If the width of the central slit is made twice as wide show that the intensity becomes I = 16I/9cos^4(pi*dy/Rw)
Relevant Equations
Here’s an image of the equations better layed out

here’s the solution, I don’t understand how they are squaring it to get the time average

maxim07 said:
I don’t understand how they are squaring it to get the time average
Your problem description is incomplete, e.g. no diagram or definition of all symbols. (Though the missing information may not be necessary to answer your question.)

And you haven’t actually explained your difficulty.

Do you understand up to the part where the total (electric) field amplitude as a function of ##y## is given by ##Asin(1+2cos\phi)## where ##\phi = \frac {2\pi dy}{R\lambda}##?

Remember, intensity is proportional to the square of the amplitude of the electric field. What is the maximum possible value of ##(1+ 2cos\phi)^2##?

I understand up to Asin(1+2cosφ). The max value of (1+2cosφ)^2 = 9 so you have to divide I0 by 9. I understand that now, but if the (1+2cosΦ) is the amplitude then the sinx must get averaged, but I thought that would introduce a factor of 1/2?

The constant ##I_0## is defined to be the total intensity for ##y = 0## for the three equal-sized slits. So, the resultant expression for ##I(y)## for this case must reduce to ##I_0## for ##y = 0##.

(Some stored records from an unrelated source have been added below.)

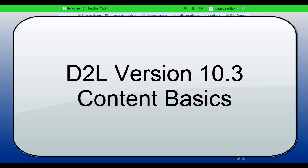This video is designed for faculty members who are new to D2L 10.3, particularly those upgrading from version 10.0 or earlier. In the next several minutes, we're going to take a look at the newly redesigned content area within D2L 10.3 and demonstrate how to add files and information into this new format.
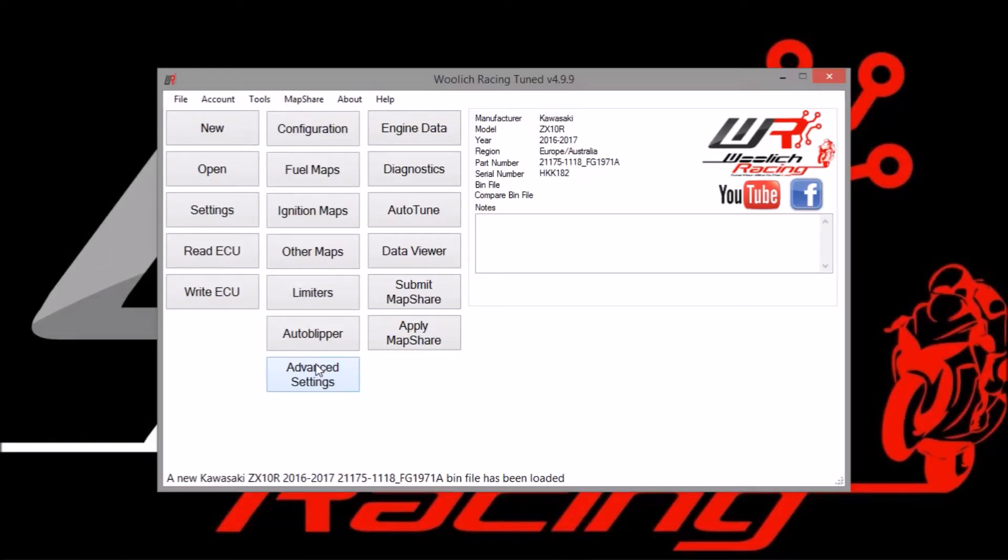Hi, this is Joel and this is a guide to electronic throttle valve mapping in the Woolich Racing software for the 2016 onwards ZX10.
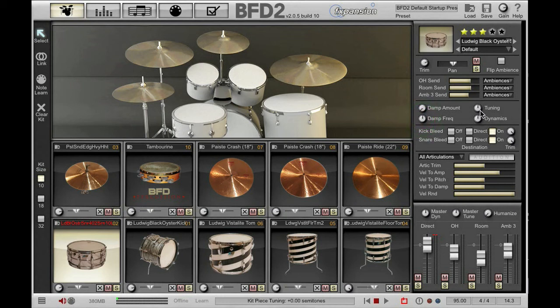Over here we have tuning, which tunes the entire kit piece, and we have dynamics. Dynamics scales the incoming velocities up and down. It's a great control to tweak if you want your snare to hit a little bit harder without actually changing your incoming MIDI velocities.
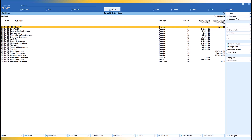Now, suppose you want to see transactions in the sequence you actually entered them. Generally you wouldn't enter Contra first, then Payment, then Receipt, etc. You might have entered a Sales entry or Payment entry in whatever order you worked through the day. But by default, Tally displays in index order, not entry order. There is a way in Tally to rearrange the listing of vouchers in the sequence of entry.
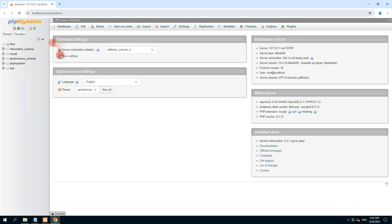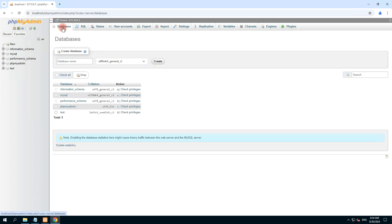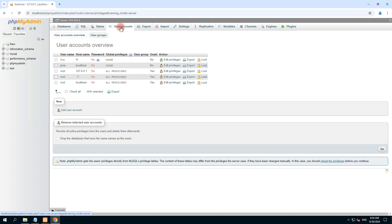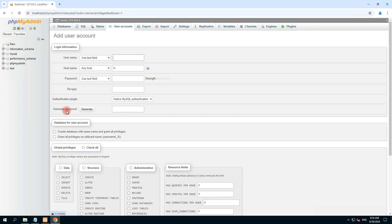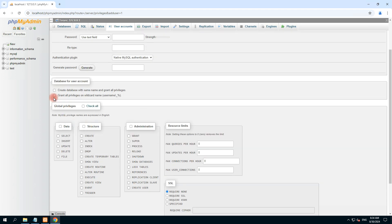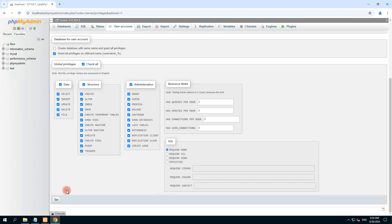In phpMyAdmin we can easily create the database via this phpMyAdmin portal. First we need to go to the database. These are already set-up databases. First we need to create the user account with super privileges with the name 'pax'. So click on user — create a new user account. The username is 'pax'. No password — password should be blank. Grant all privileges and global privileges — check all.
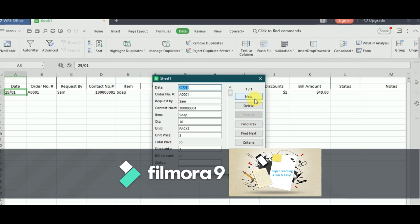There are functions available for you to create a new entry, delete the selected one, and then navigate between the previous and next rows. You can even go on to search using the criteria.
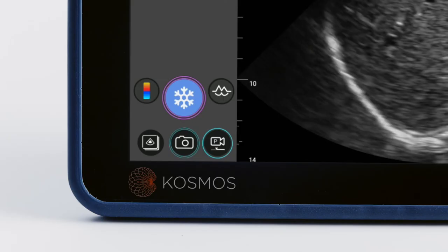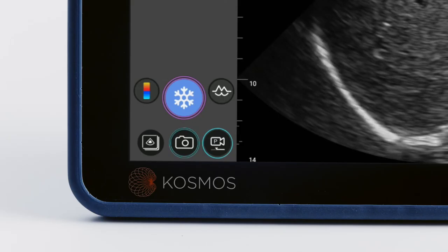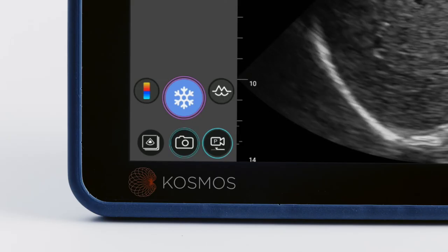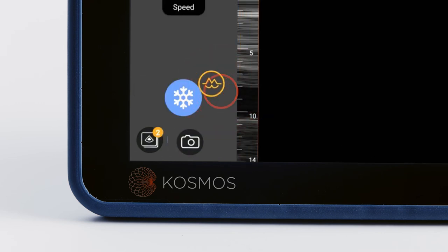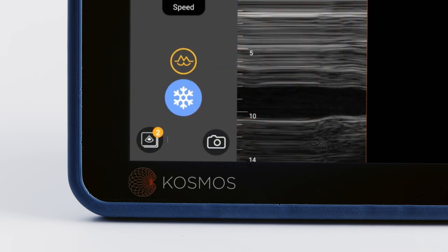If you would like to measure motion over time, turn on M mode by tapping the M mode button on the screen.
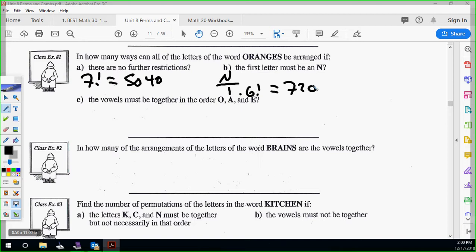The vowels must be together in the order O, A, and E. What that means is somewhere — it doesn't have to be at the front — O, A, and E have to be grouped together in that order. There's only one way you can group them that way. So if I have OAE paired, how many other letters are there left? Four. So you need to think about OAE as an individual letter. OAE can go in any of the spots, and you essentially have five options.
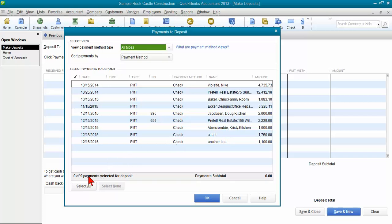I've actually seen somebody that had about 15,000 payments sitting in here in undeposited funds. So it is a problem and you can't make a journal entry to fix it. A journal entry does not actually get these payments out of there. So I'm going to show you how you can fix this.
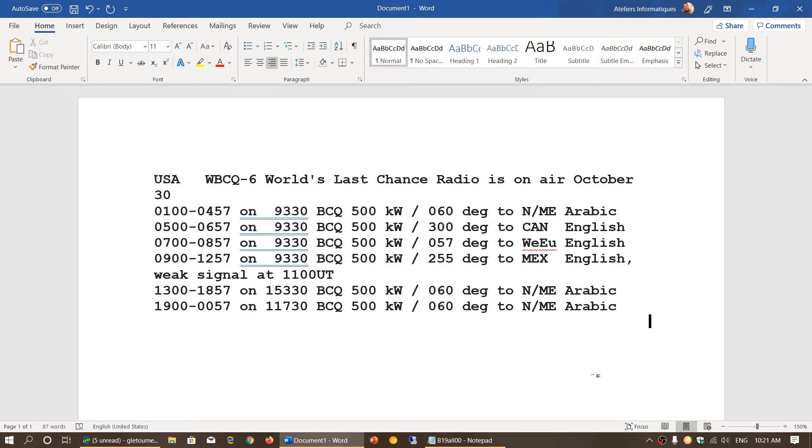Here's the schedule: 0100 to 0457 on 9330—actually, you can say from 0100 to 1257, so 0100 to 1300 UT basically. 9330 is sent to different areas around North America, the Middle East, Canada, Western Europe, and Mexico.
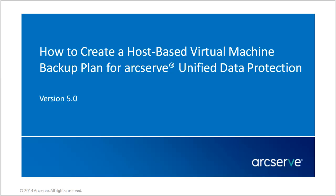Hello and welcome to the ArcServe Unified Data Protection video series. In this video, I'll show you how to create a host-based virtual machine backup plan in ArcServe UDP.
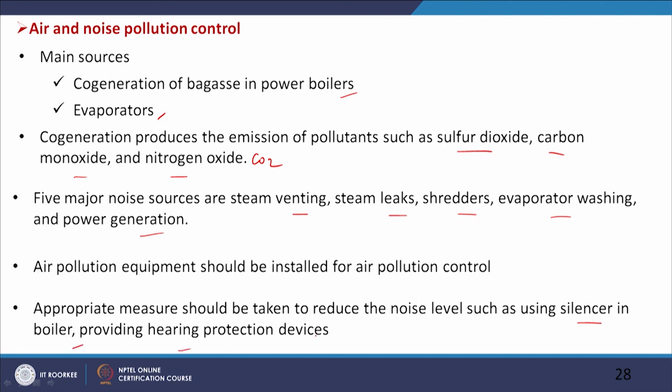Once the sources of air pollution and noise pollution are identified, methods for their control must be implemented. Industries are following these practices nowadays and need to take more care in the future to keep the environment free from pollution. Up to this in this class — thank you very much for your patience.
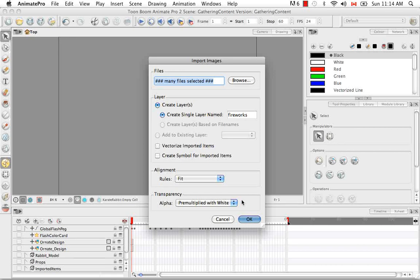And if you want to vectorize, you can look at the video right after Importing and Vectorizing Images and it explains all of that. So I'm going to say OK.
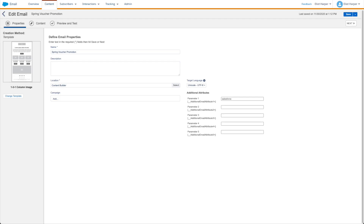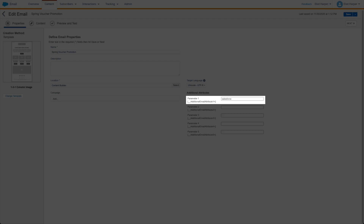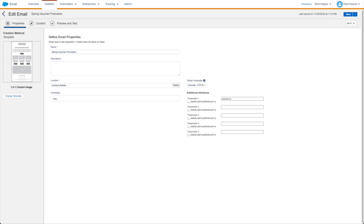Let's look at some different scenarios. Perhaps you want to customize the utm_source parameter value based on an attribute from your email. If it's defined on the email properties page, you can define a custom attribute in the Additional Email Attribute One field. The following inline AMPscript function will use this attribute value if it's been defined, and fall back to SFMC if the field is empty.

##I_0## already includes the contribution due to time averaging as well as any constants of proportionality between intensity and square of the amplitude.

Steve4Physics
maxim07 said:
.. if the (1+2cosΦ) is the amplitude then the sinx must get averaged, but I thought that would introduce a factor of 1/2?
Can I add this to what @TSny has said:

Remember ##\phi = \frac {2\pi dy}{R\lambda}##.

The field at position y, time t can be expressed in full as, say:
##E(y,t) = Asin(1+2cos(\frac {2\pi dy}{R\lambda}))sin(ωt + α)##
so
##E(y,t)^2 = A^2sin^2(1+2cos( \frac {2\pi dy}{R\lambda}))sin^2(ωt + φ)##

The average of ##sin^2(\text {anything})## over a complete number of cycles is ½. So the time- average of the field at y is:
##<E(y,t)^2>_{time} = ½A^2sin^2(1+2cos( \frac {2\pi dy}{R\lambda}))##

(We definitely don’t want to average over y as we are interested in the intensity for each value of y!)